The history and culture of the local Mexican-American community came to life Nov. 6 at the inaugural Dia de los Muertos celebration, hosted by the Mountain View Historical Association.
More than 150 people filled the historic Adobe Building’s hall and spilled out into its garden. Traditional “papel picado” decorated the adobe walls, and two large and elaborate Dia de los Muertos altars flanked either side of the building’s fireplace. One altar featured large sugar skulls created by students from Crittenden and Graham middle schools. The other, created by the Historical Association, included photos of influential Mountain View pioneers along with images of recently departed loved ones submitted by the community.
The event included two presentations on Mountain View’s Mexican history.
Crisanto Castro, member of the original Mountain View Castro family for whom the city’s main street is named, traced his family’s history back to the Spanish Colonial era and shared personal memories of life on the Castro rancho, where Rengstorff Park is today. Castro displayed a cross given to his family by Junipero Serra, the Spanish priest who founded California’s mission system and was recently canonized as a Catholic saint.
The second presentation highlighted the history of Mountain View’s Club Estrella, co-host of the day’s festivities.

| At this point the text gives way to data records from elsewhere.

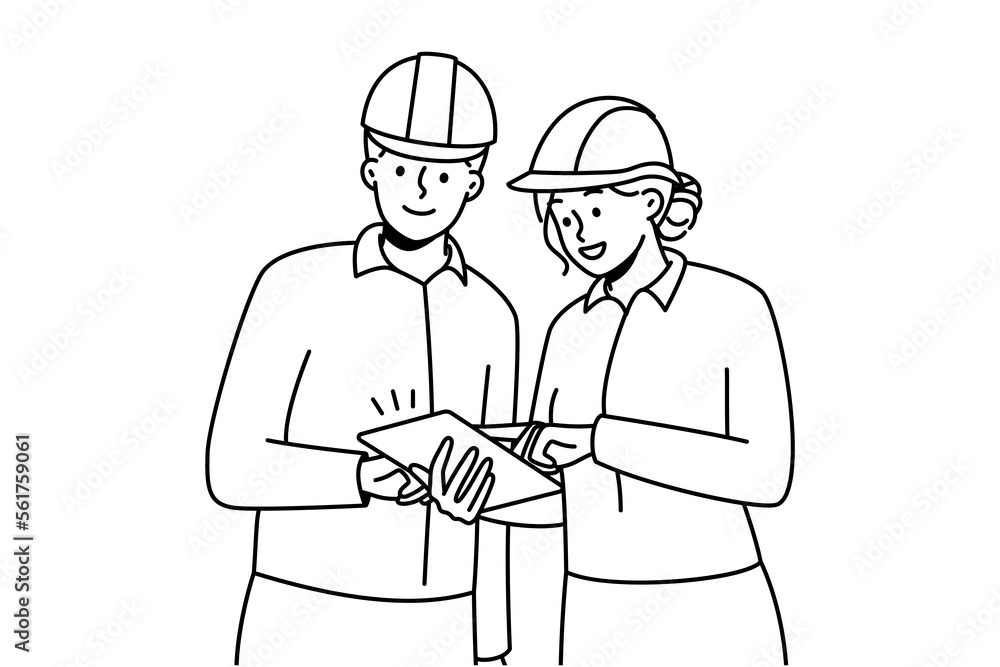 Smiling engineers in helmets working together at building site. Happy architects team brainstorm cooperate at construction place. Vector illustration. Smiling engineers in helmets working together at building site. Happy architects team brainstorm cooperate at construction place. Vector illustration.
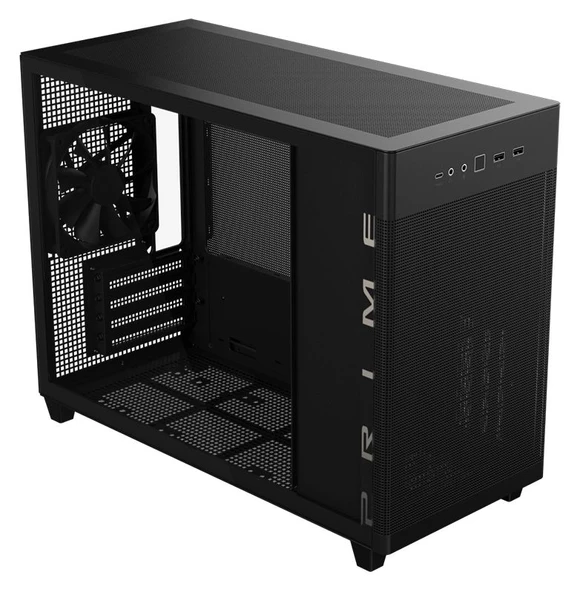 ASUS PRIME AP201 TG Tempered Glass Black 33 litre, Temperli Yan Cam, Siyah, microATX, Mid-Tower Kasa ürün görseli 1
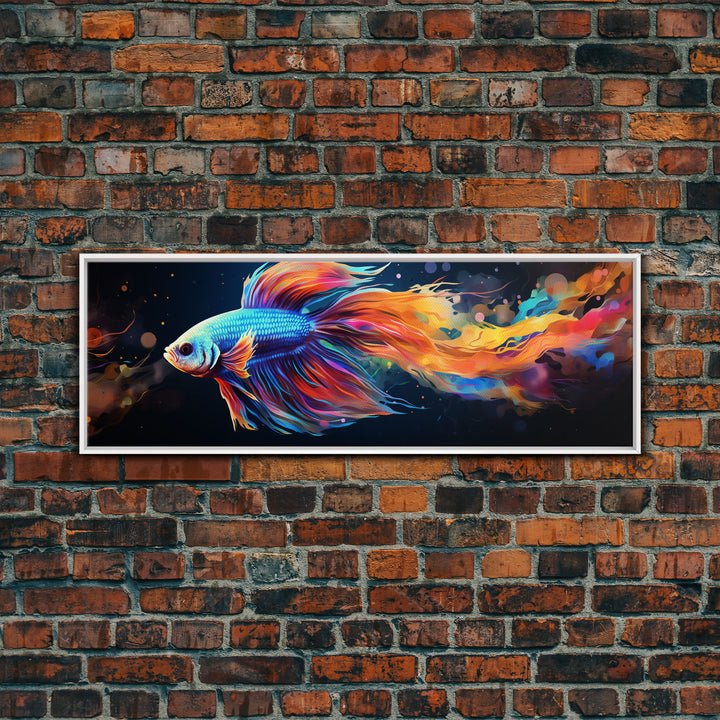 Betta Fish Painting Wall Art, Framed Canvas Print, Siamese Fighting Fish, Aquarium Wall Art, Colorful Pet Fish painting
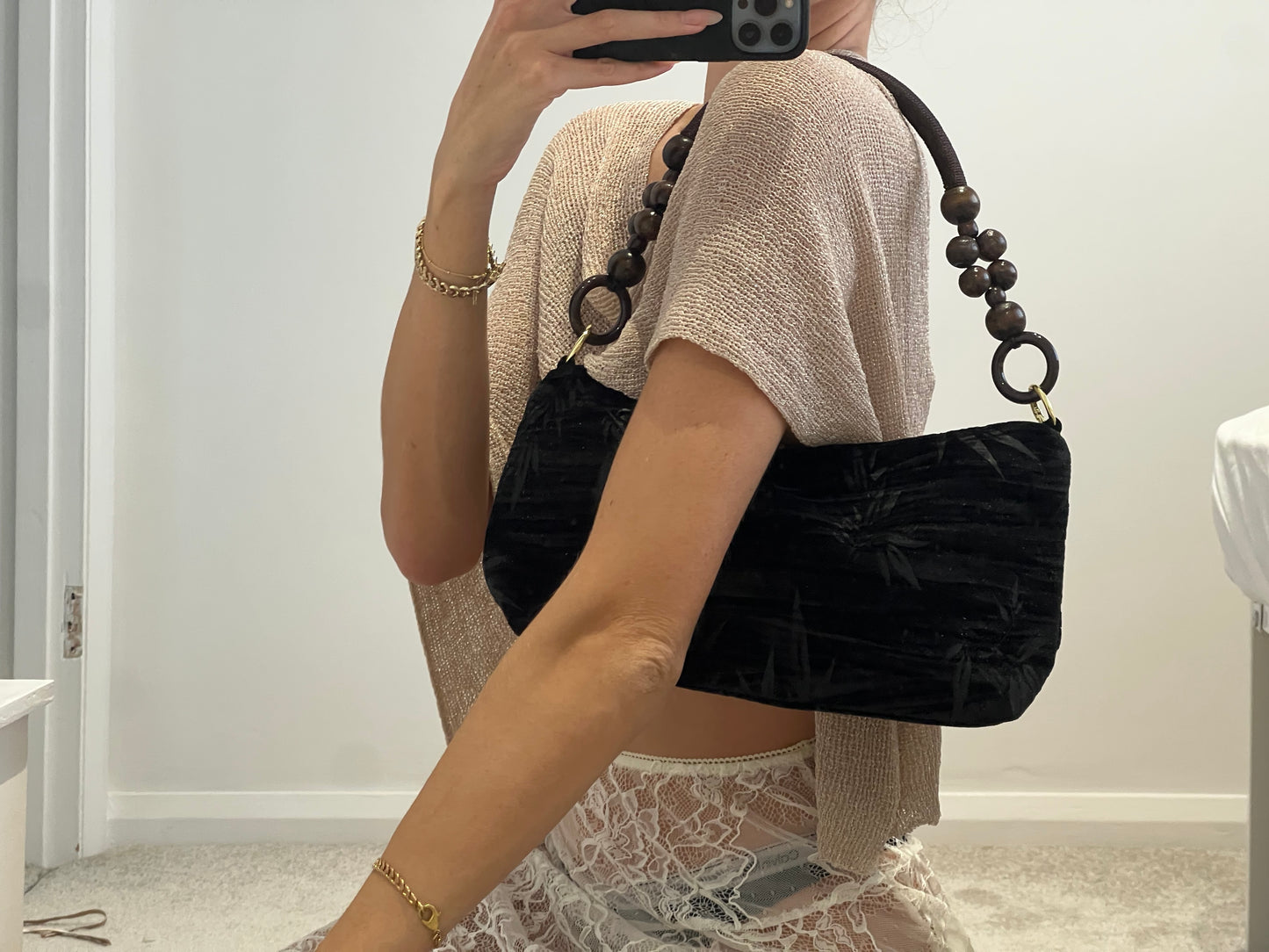 Floral Handbag Wooden Handle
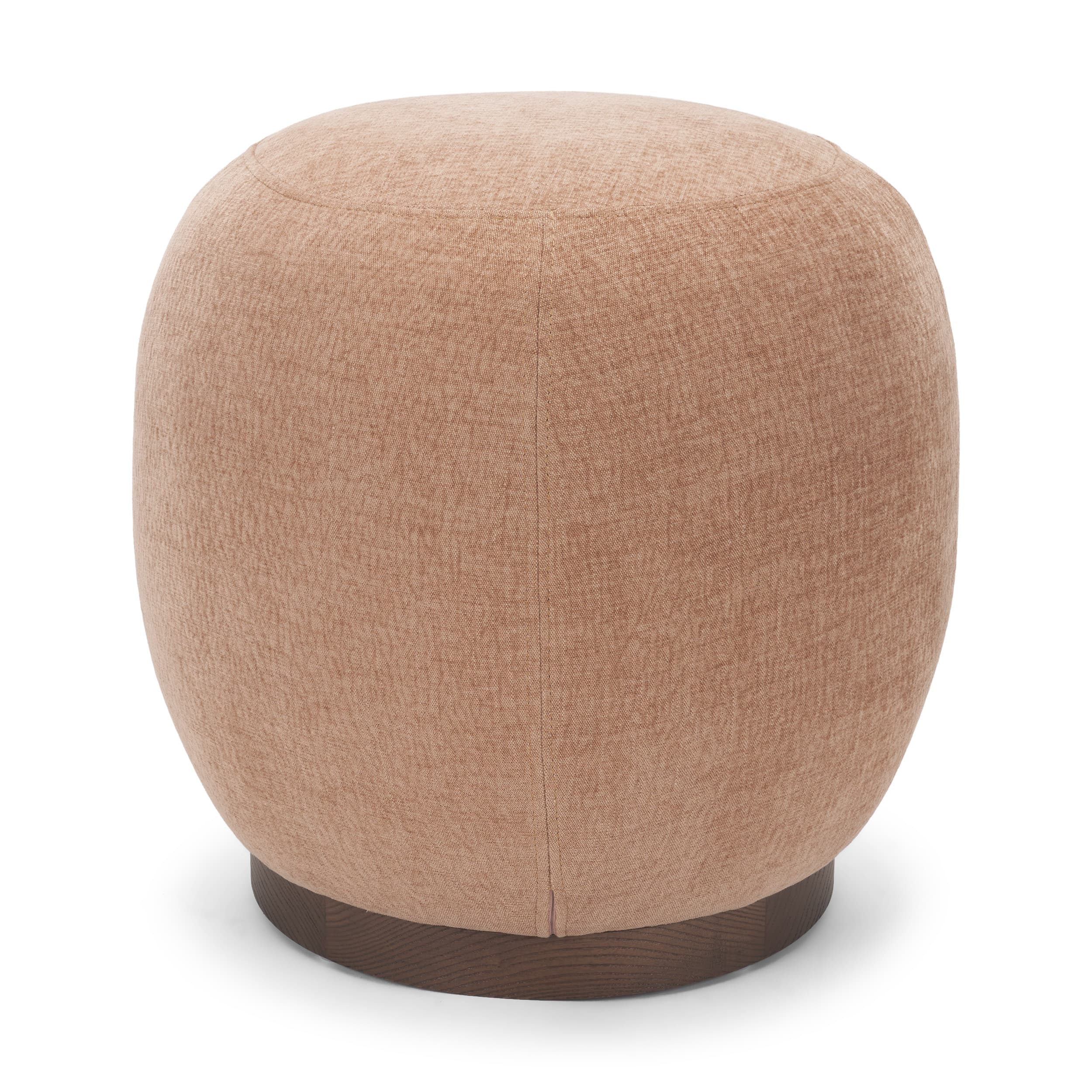Siren Sienna Fabric w/ Brown Ash Wood Round Accent Stool — product photograph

Club Estrella’s Katie Montalvo discussed the club’s founding, in 1948, when Mexican-American women living in Mountain View joined forces to help the poor and promote the culture and welfare of their community.
Mountain View historian Nick Perry, the newly elected vice president of the Historical Association, spotlighted the life of Joe Perez, a Club Estrella member who became Mountain View’s first Mexican-American councilmember and mayor in the 1970s. “Plaza de Perez” at the Two Worlds development on El Camino Real is named in his honor.
A celebration of Mexican music and dance followed the presentations. The folkloric dance group Raices de Mexico performed traditional Mexican dances, and Mariachi Tapatio played an hourlong concert.
The Mountain View Historical Association is considering making the event an annual tradition.
“We were thrilled by the community’s response,” Perry said. “It was great to see such a diverse crowd come together to celebrate our city’s Mexican heritage and reflect on the lives of all those who came before.”